▶ [What to work on] Images are not part of the copy; transcribe all the data exactly.

▶ [Dataset excerpt]
|---|

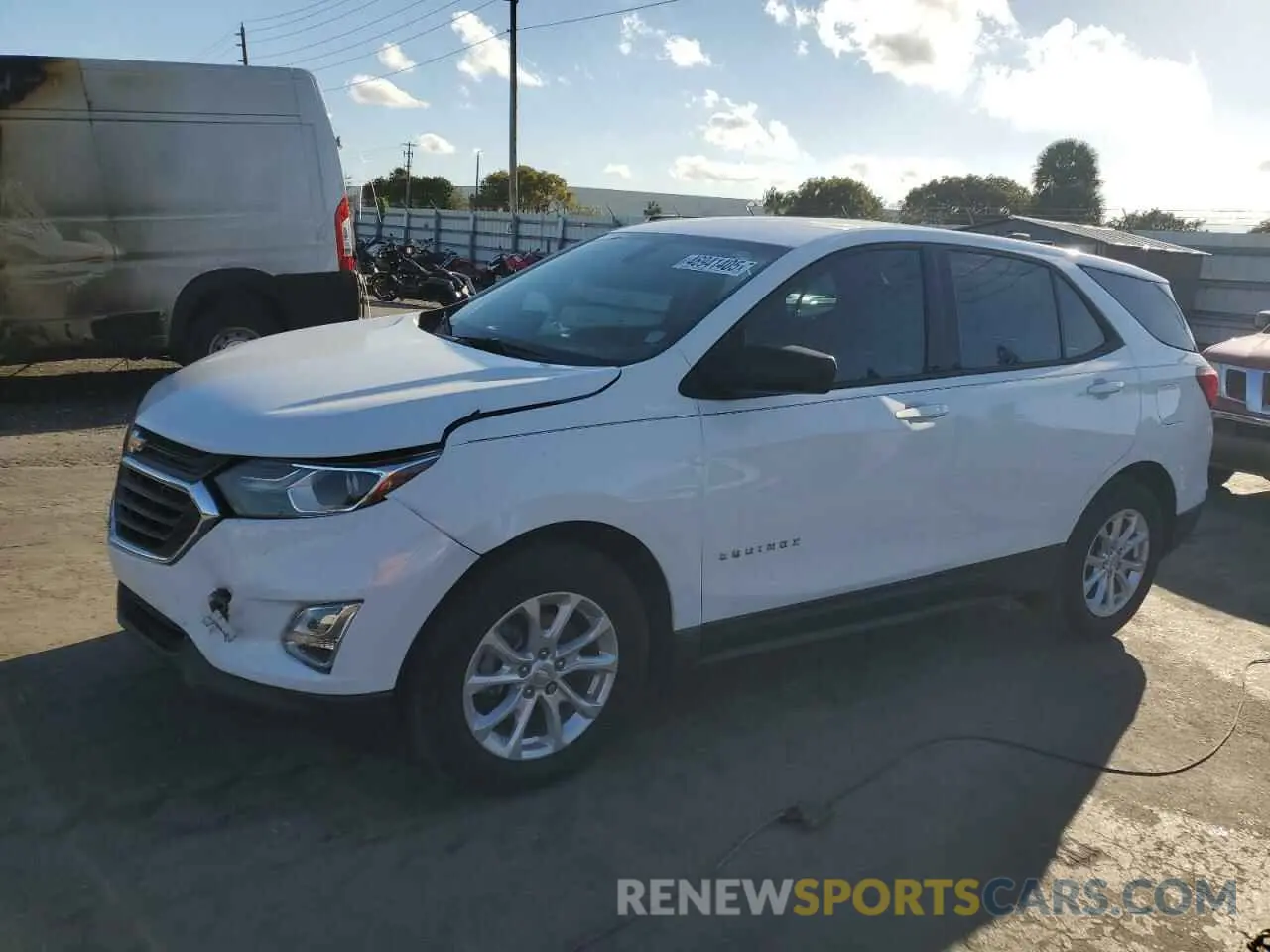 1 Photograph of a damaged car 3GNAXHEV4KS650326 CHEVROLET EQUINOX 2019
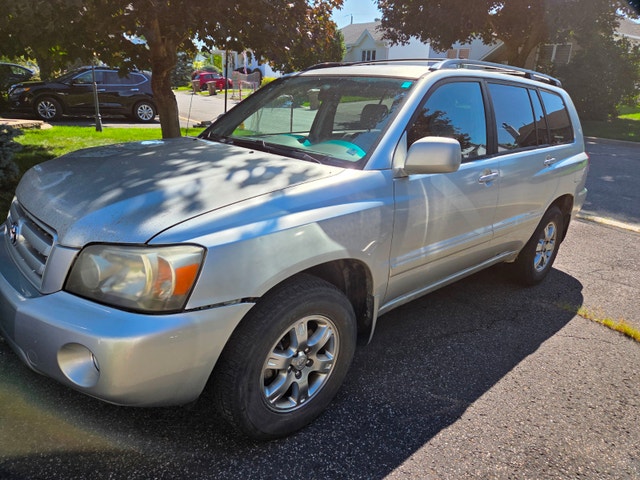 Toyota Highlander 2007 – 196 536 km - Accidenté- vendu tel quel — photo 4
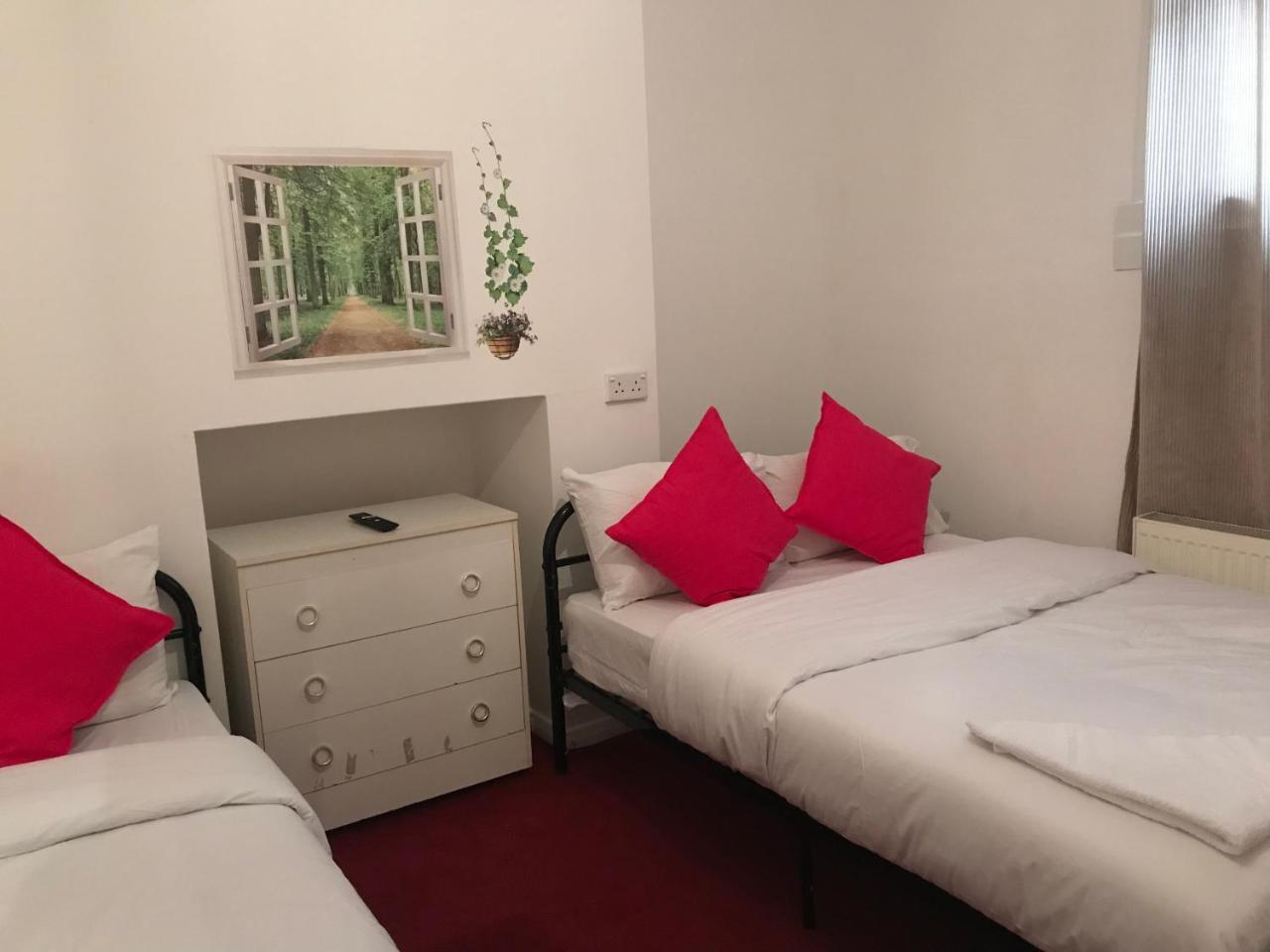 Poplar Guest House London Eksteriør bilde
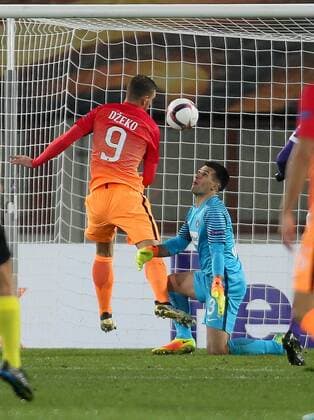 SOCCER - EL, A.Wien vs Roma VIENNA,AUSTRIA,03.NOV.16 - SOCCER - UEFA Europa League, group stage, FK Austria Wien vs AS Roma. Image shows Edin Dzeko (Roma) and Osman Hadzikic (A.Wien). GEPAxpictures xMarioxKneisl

|---|

▶ [Reply]
 1 Photograph of a damaged car 3GNAXHEV4KS650326 CHEVROLET EQUINOX 2019
 Toyota Highlander 2007 – 196 536 km - Accidenté- vendu tel quel — photo 4
 Poplar Guest House London Eksteriør bilde
 SOCCER - EL, A.Wien vs Roma VIENNA,AUSTRIA,03.NOV.16 - SOCCER - UEFA Europa League, group stage, FK Austria Wien vs AS Roma. Image shows Edin Dzeko (Roma) and Osman Hadzikic (A.Wien). GEPAxpictures xMarioxKneisl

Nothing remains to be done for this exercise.